Born and raised in the Boston area, Damon obviously qualifies for the US Eagles but through ancestry he's also got Scottish, Swedish and Finnish opportunities.
The Poms meanwhile, are usually happy to take anyone from anywhere and potentially at least, he's an easy sell to the Italians as he has their skill set - can't pass, catch or run, but looks awfully good.
The French, initially, were a little standoff-ish: "pfff American bourgeois-whore!" according to French spokesman Jean-Luc Godard, "yet, if he plays nude, abandons convention and ignores the cameras, perhaps ..."
Nevertheless, in the end, I came up short. At 39 years of age, Damon was declared too young to play for England. The Scots were interested, but rugby trails washing you hair as a spectator sport in Scotland these days and officials were concerned they wouldn't be able to afford to buy him boots.
The Scandinavian countries sensibly dismissed him as a player not up to their standards while the Americans were enthused, but let's face it, who wants to play rugby for the US?
The Italians and French feigned interest then went to an exceptionally long lunch.

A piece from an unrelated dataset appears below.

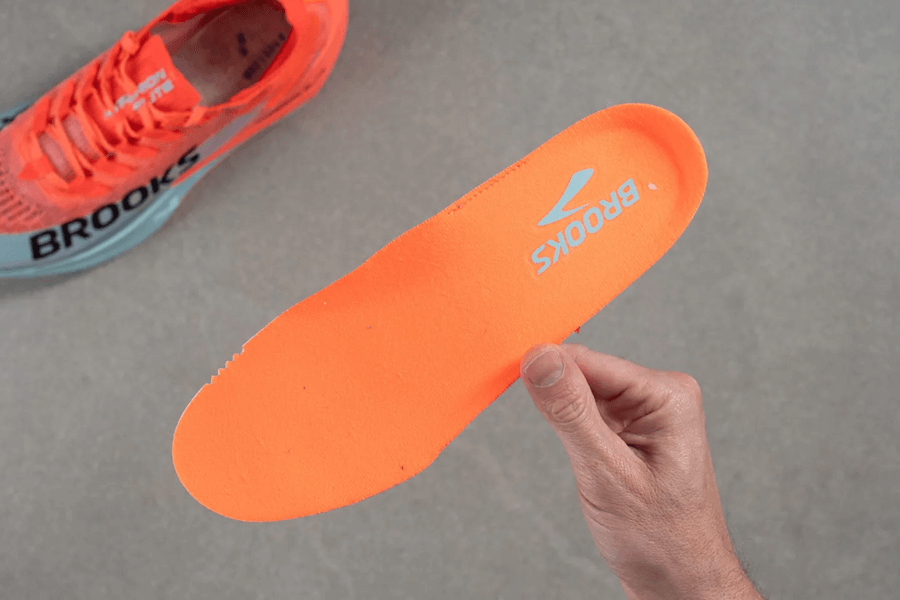 Review Brooks Hyperion Elite 5: Giày thi đấu có khả năng hoàn trả năng lượng cực cao cho runner tiếp đất gót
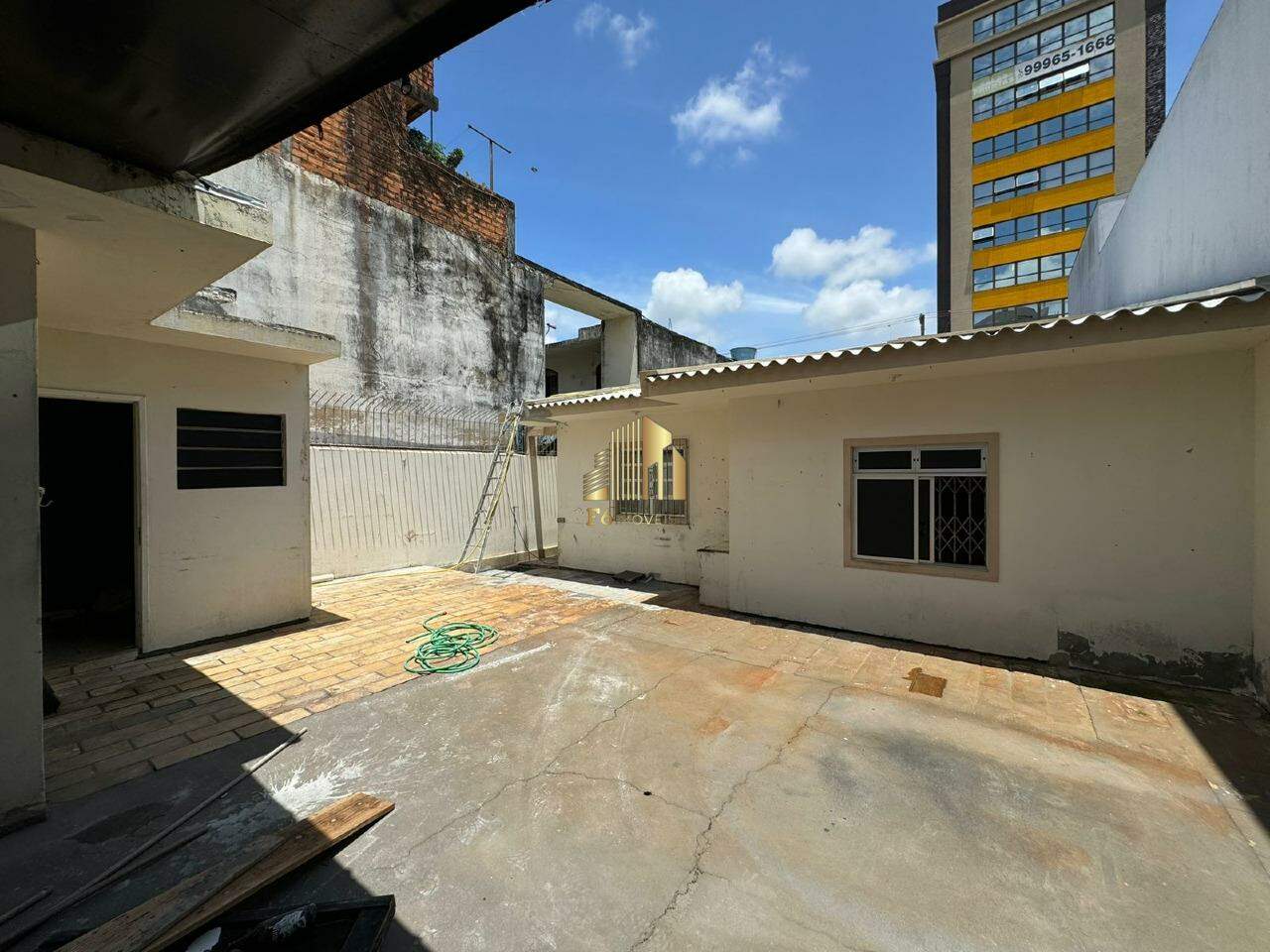 Prédio Inteiro para alugar com 3 quartos, 150m² - Foto 14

What to do, what to do? I can't let Matt Damon down, he looks like my nephew and he made that video with Sarah Silverman.
Hmm, maybe, just maybe.
The guy identifying himself as an Australian rugby spokesman got back to me after clearing out all the patrons from the nightclub and picking up all the empty vials in the toilets.
"Yes," he said, "Robbie Deans (actually, he called him John, but it was terribly late), wants to meet with Matt (actually he called him Ben, but it was REALLY late now)."
Just as I'd suspected. Damon at about 5ft 8in and 155 pounds is a perfect fit for the new lightweight Aussie team.
"Don't suppose Robbie would give Kylie Minogue a run?" I joked.
"Don't be stupid mate, the spokesman said, "She can't kick to save her life and we've got at least three players we'd consider before looking at her.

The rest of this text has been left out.